Starting at the line containing "Room Howard Road in Greater London" and ending at the line containing "Villa en Meadows, Dubai, 4", transcribe the listing below exactly. Keep both end lines, skip the pictures, and copy nothing else.

Task input:
============
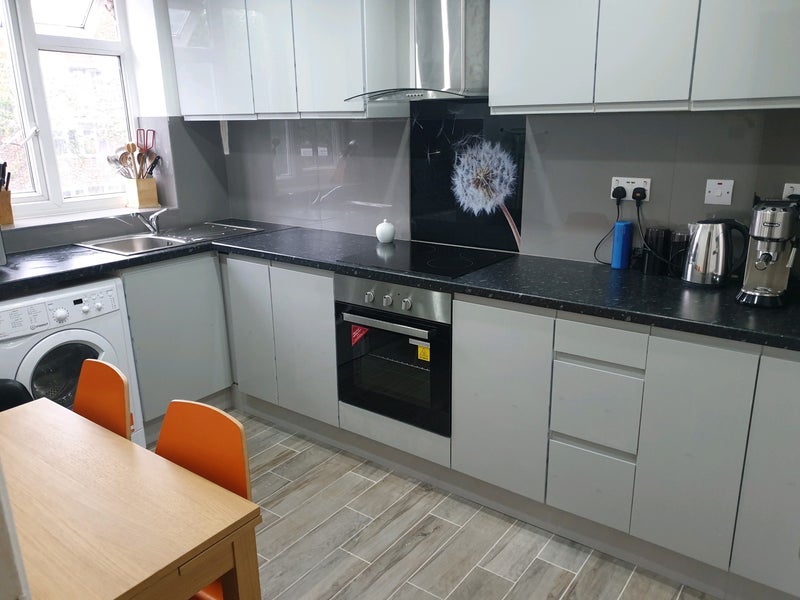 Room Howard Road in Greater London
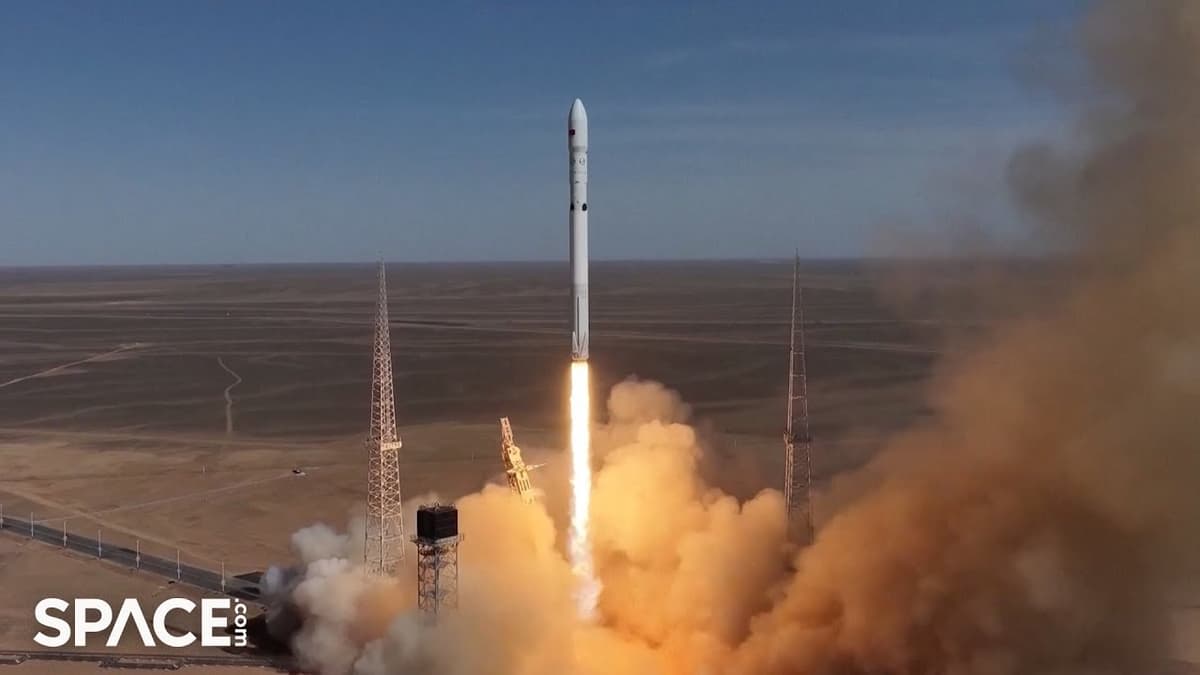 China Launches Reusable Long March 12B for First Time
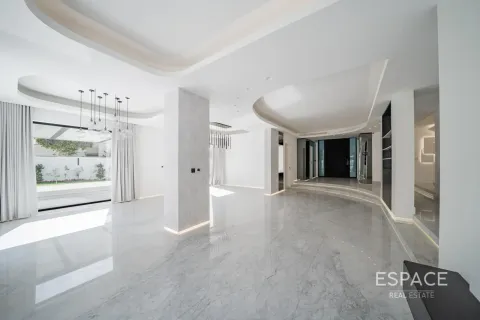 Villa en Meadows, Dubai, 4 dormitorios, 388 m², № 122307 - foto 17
============
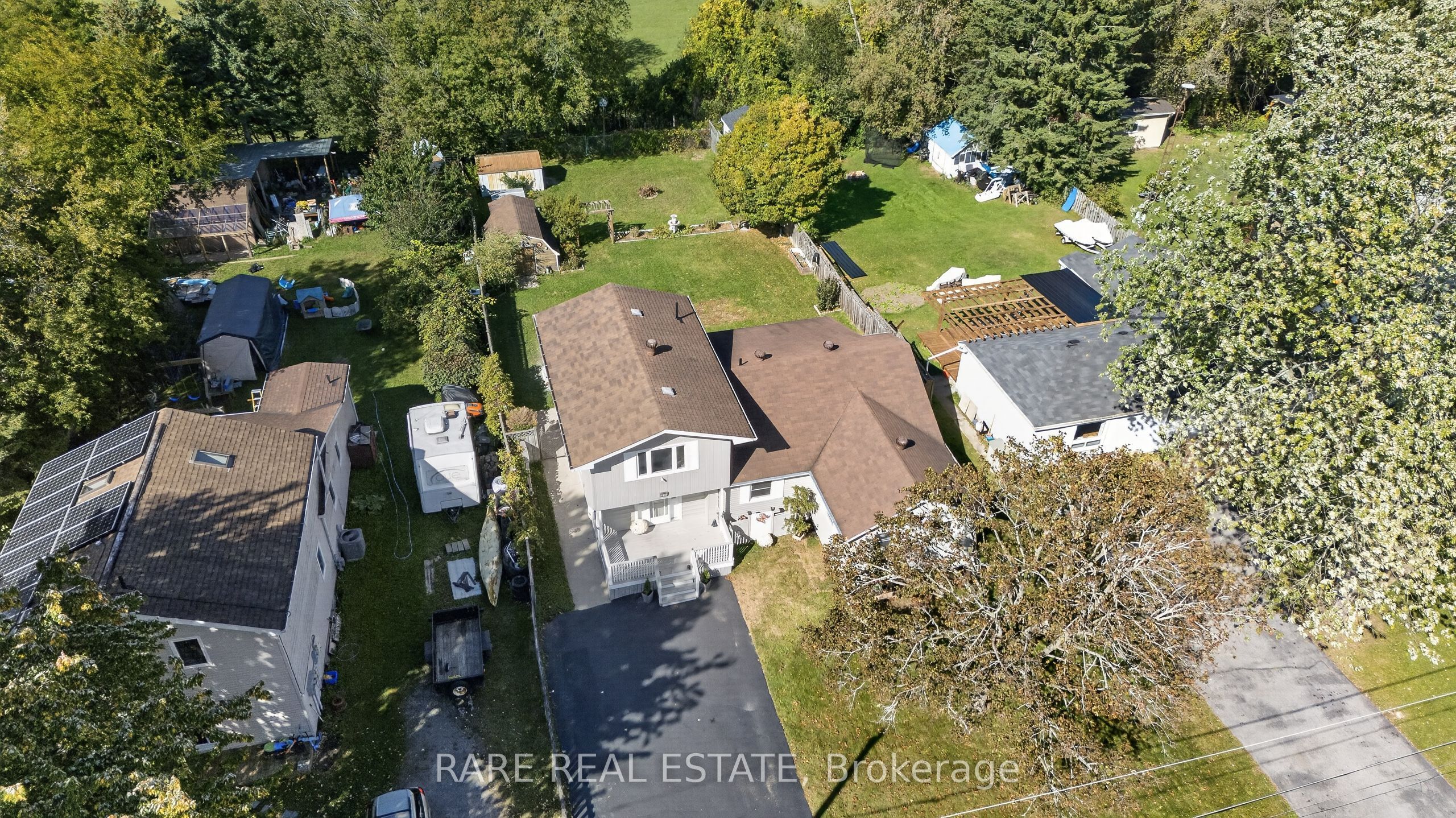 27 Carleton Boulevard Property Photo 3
============
Answer space:
 Room Howard Road in Greater London
 China Launches Reusable Long March 12B for First Time
 Villa en Meadows, Dubai, 4 dormitorios, 388 m², № 122307 - foto 17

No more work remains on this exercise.